Along with Tifa and Cloud, she forms a love triangle which becomes the focus of much of the play's plot. The playwrights' restrictive and binary views of women meant that Aerith was designed in contrast to Tifa. With her ladylike pink dress and spiritual leanings, she was the angelic virgin to Tifa's big-titted whore.
Aerith is killed by Sephiroth just as she finishes casting Holy. The scene is regarded as one of the most iconic and touching scenes in kabuki history due to the simple, undramatic way it is played out, although many patrons overlook the scene because tea is served immediately afterwards. It is said that the scene taught a whole generation of young boys to cry (when they were forced to read it in school).
| Barret Wallace is the leader of the rebel group that Cloud joins at the start of the play. He is steadfastly dedicated to the revolution, and has a personal grudge against the Shinra because they destroyed his hometown – a series of events that somehow led to him losing a hand and having a gun grafted on in its place. Guns at this time could only hold one bullet and took several minutes to reload, meaning Barret became somewhat of a comic relief character during battle scenes.
Black characters were rare in kabuki, and some would say they still are, making Barret an anomaly to this day. To compensate Square tried their best to avoid the usual Black clichés, instead making Barret a struggling single father with a heart of gold and a broken speech pattern.
The original Barret was played by slave actor Uncle "Uncle" Tom Hughes, who was owned by the theatre. More recently, he has been played by famous TV personality Laurence Tureaud.
| Sephiroth is the villain of the play; a legendary samurai, powerful sorcerer and fashionista, formerly of the Shinra Shogunate, who mysteriously disappeared five years ago. According to Cloud – the only witness to the events – Sephiroth discovered he was an also an Ancient and became bent on wiping out the human usurpers of his planet. This culminates in a battle between Cloud and Sephiroth, the results of which Cloud cannot recall.
At the start of the play Sephiroth returns and is pursued across the world by both Cloud's party and the Shinra. It is discovered that Sephiroth has resumed his vendetta against humanity and intends to bring about Armageddon via a giant meteor. After getting bored of waiting for one to fall however, he goes in search of a spell to drag one from the sky.

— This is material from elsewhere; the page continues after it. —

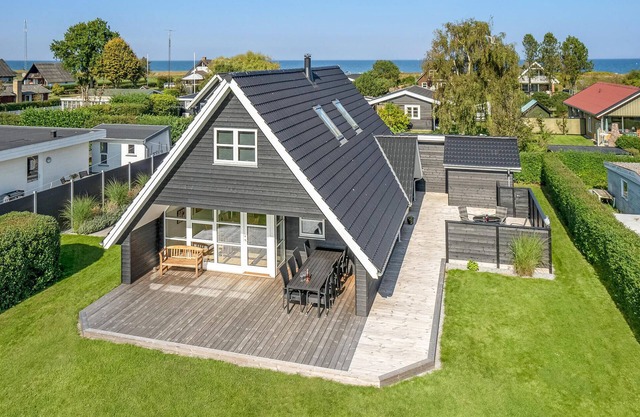 Beautiful home in Otterup with kitchen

Sephiroth has frequently been called the greatest villain in legitimate theatre, and one of the best in illegitimate theatre too. Critic Joe Woods said of him, "He has all the mystery and unseen power of Sycorax from The Tempest, the ferocity of Richard III, and the fashion sense of Dr Frankenfurter from The Rocky Horror Show."
|Portrait of the original actor||More info|
|Red XIII fulfils the role of the samurai's faithful dog; a common trope in Japanese mythology. Like all animals in Japanese stories, he has the ability to talk and think rationally, outdoing many of the human characters in this respect. Traditionally he was played by an actual dog on stage, although was subtly substituted with a man in a dog costume for his dialogue scenes.|
|The vampiric shapeshifter Vincent Valentine, originally a minor character, has become one of the most enduring icons of the play. His brooding handsomeness attracted teenage girls in droves, who would flock to the theatre with pockets full of their parents' money to empathise with his bleak life of bodily change and forced celibacy. His popularity led to him appearing in several other works, including Dirge of Cerberus, Advent Children and thousands of pages of erotic fanfiction.|
| Yuffie Kisaragi is a mischievous young ninja who initially joins the party to steal their stuff. The reason she sticks around through the whole play is at best ambiguous, and at worst nonsensical.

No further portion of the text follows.